Yesterday was the deadline for interested parties to bid on the 143-acre site that could hold as many as three new casinos.
It is considered one of the most attractive development sites on the entire East Coast and was projected to sell - before the recession hit - for $1 billion or more.
City Councilman Dennis Mason, who has been monitoring the bidding process since it began last October, said nobody had submitted a bid. He doesn't expect one to materialize soon.
"Nothing came in. There's nothing going on in Atlantic City other than Revel," Mason said, referring to a casino project under way at the north end of the Boardwalk.
Mayor Lorenzo Langford has said he had engaged in talks with two developers who might be interested. But a spokesman said the mayor would not discuss plans for the site until today.
Bader Field could be the key to the future of Atlantic City, the nation's second-largest gambling market. The city is in the third year of a revenue decline that began when slots parlors opened in Pennsylvania and New York, siphoning off some of the resort's best customers. Pennsylvania's eighth slots parlor, in Bethlehem, opened in May and is expected to further hurt Atlantic City by attracting customers from northern New Jersey and New York.
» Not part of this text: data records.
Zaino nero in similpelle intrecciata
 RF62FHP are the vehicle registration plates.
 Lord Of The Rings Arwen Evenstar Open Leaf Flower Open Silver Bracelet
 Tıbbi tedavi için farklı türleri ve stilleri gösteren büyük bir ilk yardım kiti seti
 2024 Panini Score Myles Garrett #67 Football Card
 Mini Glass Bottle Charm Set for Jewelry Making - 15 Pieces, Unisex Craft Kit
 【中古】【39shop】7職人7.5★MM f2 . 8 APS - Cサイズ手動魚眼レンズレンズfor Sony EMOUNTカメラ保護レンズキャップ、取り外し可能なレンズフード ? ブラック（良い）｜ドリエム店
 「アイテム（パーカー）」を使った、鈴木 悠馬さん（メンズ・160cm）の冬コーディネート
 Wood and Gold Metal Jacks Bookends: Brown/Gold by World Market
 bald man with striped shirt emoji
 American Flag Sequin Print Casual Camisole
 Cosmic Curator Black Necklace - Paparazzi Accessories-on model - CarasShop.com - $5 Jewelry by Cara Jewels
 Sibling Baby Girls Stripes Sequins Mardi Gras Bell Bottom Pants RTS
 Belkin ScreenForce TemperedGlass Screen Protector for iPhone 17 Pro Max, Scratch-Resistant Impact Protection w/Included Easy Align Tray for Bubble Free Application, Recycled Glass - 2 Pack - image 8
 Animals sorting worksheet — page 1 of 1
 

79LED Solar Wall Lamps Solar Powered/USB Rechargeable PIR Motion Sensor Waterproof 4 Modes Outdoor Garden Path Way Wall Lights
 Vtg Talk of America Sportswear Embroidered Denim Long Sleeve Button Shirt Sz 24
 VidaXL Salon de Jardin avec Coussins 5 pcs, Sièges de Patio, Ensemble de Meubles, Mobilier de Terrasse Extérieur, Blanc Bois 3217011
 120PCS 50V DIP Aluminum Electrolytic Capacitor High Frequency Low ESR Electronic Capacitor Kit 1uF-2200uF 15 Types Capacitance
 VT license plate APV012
For the first five months this year, Atlantic City's 11 casinos have taken in 15.7 percent less than the same period last year. The slump has killed plans for two mega-casinos and put a third on indefinite hold.
Only one company has publicly come forward with an offer to develop Bader Field. In January 2008, Wyomissing, Pa.-based Penn National Gaming offered $800 million for the land and $100 million to cash-starved Atlantic City to use as quick property tax relief in return for being able to avoid a lengthy bidding process.
The offer was rejected in favor of an open bidding process controlled by the city. Penn National has since said it is no longer interested in Atlantic City, which its chief operating officer said is in "a death spiral."
Critics say the depressed economy makes this a bad time to sell.
"It's just common sense. Look at what the real estate market is like," said Roger Gros, who edits two casino-industry magazines. "It's the last large piece of land in Atlantic City that's worth anything, and to [give] it away for what they'd get for it now is just insane."
The $1 billion pre-recession estimate of what Bader Field could be worth is surely moot today. A similar price tag was put on the Tropicana Casino & Resort when it went on the market in January 2008; it sold three weeks ago for $200 million.
Gros said approving new casinos at Bader Field would guarantee that stalled casino plans in Atlantic City remain that way. That includes an indefinitely delayed plan by Pinnacle Entertainment on the Boardwalk site of the former Sands Casino Hotel, imploded in 2007.
"This is going to kill every other project in the city," he said. "Who's going to come in and build on the Pinnacle land or in the marina district with three more new casinos coming to town? The city should publicly declare that the land is off-limits for at least five years."
Bader Field became available when the Federal Aviation Administration closed the airport on Sept. 30. Nearly a century old, it was the first facility to be called an "airport" when a local reporter used the word in a 1919 article.
Entertainers bound for Boardwalk ballrooms, business travelers, and even U.S. presidents regularly flew in and out of Bader Field. In later years, it became the domain of small planes and private pilots as bigger jets landed at Atlantic City International Airport about nine miles away.
Bader Field is where the Civil Air Patrol was founded shortly before the Pearl Harbor attack in 1941. But a series of fatal plane crashes soured city officials on its use.
The control tower was shut down in 1989 and it stopped selling fuel in 1993. Just before the shutdown, fewer than 30 planes a day used it.